Saturday, November 24, 2012

Ghana cedi recovery to continue: Fin Min

ACCRA (Reuters) - Ghana's cedi currency is expected to gain about 3 percent between now and the end of the year, in a continued recovery from heavy losses in the first six months, Finance Minister Kwabena Duffuor said on Thursday.


"The cedi has recovered considerably... and we are hoping it will gain about 3 percent between now and end of December," he said.

The cedi was trading at 1.893 to dollar on Thursday afternoon, and a 3 percent gain would put it at 1.838.

The currency of the cocoa, gold and oil producing country plunged nearly 20 percent in the first half of the year on soaring import demand to fuel the growing economy, but began a recovery in August after a series of interest rate hikes and increased market intervention by the central bank.

"We are looking at 11-12 percent total depreciation (of the cedi) for this year because we are not relenting in our tight fiscal management and macro-economic consolidation," he said.

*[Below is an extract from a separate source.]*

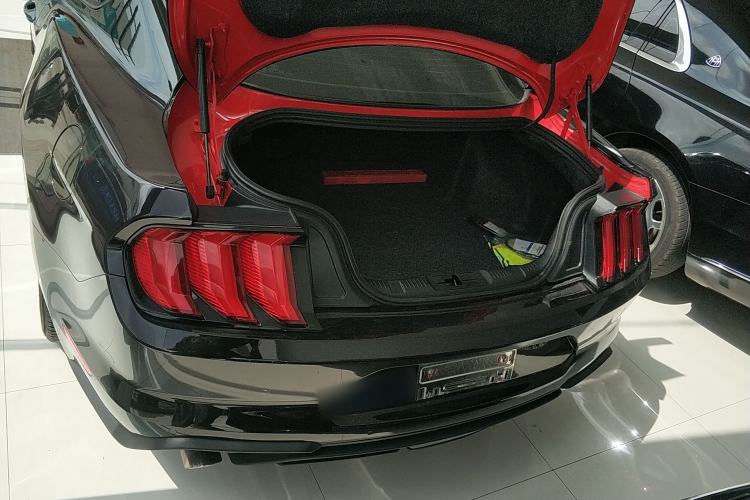 Used Ford Mustang 2019 2.3T Automatic Hardtop Base Version U.S. Specification Trunk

The cedi's depreciation has been cited as a key inflation risk in the country, where the pace of consumer price increases remains just below 10 percent.

Ghana will hold presidential and parliamentary elections next month and Duffuor said government was making efforts to prevent fiscal slippage associated with past election years.

"Inflation has remained in single digits for several months now, the cedi is strengthening - our macro-economic indicators are pointing to the right direction and the government is committed to building on these achievements, whether we are in an election year or not," he said.